Problem statement
The engineering team at MarkLogic was nearing the public launch of their new Pharma R&D Data Hub project and wanted to have a better experiential design. I was engaged to help them do this in about 5 weeks’ time—in order for them to announce it at their annual user conference.
Roles and responsibilities
- Worked with 2-3 engineers and a product owner to identify and review the work that needed to be done for the product launch.
- I needed to create a workable and cohesive visual design that helped researchers see their search efforts at a glance while keeping things flexible for them.
- Integrate MarkLogic brand guidelines and some disparate UI guidelines from other projects into a workable design system for this product.
Scope and constraints
- Not ideal timing for bringing in UX, which was acknowledged.
- Time was a major factor. We had 5 weeks for me to gather, review, synthesize, and design a unified experience and for the team to implement. We had to move fast!
- The core research UI wasn’t in scope. Only the search and project view to organize and view the data (abstracts, categorizations, authors, etc.) that were available to the researchers.
- The engineering team provided some rough wireframes with concepts that they had used during their development effort.
Process
- Gathered, reviewed, and processed all related documentation for brand guidelines, product functionality, and content needs.
- I quickly created a working component-based design system in Figma for the product and used that to guide the design of the essential screens and flows.

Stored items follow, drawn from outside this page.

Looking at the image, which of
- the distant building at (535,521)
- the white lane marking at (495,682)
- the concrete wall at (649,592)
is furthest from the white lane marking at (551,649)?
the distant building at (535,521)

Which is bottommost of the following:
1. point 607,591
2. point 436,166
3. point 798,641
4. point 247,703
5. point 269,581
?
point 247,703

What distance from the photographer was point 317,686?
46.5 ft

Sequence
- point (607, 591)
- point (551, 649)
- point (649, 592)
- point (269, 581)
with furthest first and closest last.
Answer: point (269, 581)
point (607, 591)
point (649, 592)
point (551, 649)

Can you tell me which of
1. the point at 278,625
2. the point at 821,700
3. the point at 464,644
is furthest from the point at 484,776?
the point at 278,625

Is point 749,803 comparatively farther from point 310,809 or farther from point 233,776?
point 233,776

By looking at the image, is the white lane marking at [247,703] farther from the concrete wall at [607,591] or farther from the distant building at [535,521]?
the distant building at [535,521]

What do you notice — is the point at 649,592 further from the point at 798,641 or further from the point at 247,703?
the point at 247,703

- Collaborated with the engineering team to review and modify the designs as needed to deliver in time for launch.





Outcomes and lessons learned
- Was able to deliver a working design system with an interactive prototype to guide the engineering team through their implementation enabling them to successfully launch their Pharma R&D Data Hub project.
- Feedback from the team indicated that this was one of MarkLogic’s most successful product launches and it was largely due to the work done in the weeks leading up to the product release.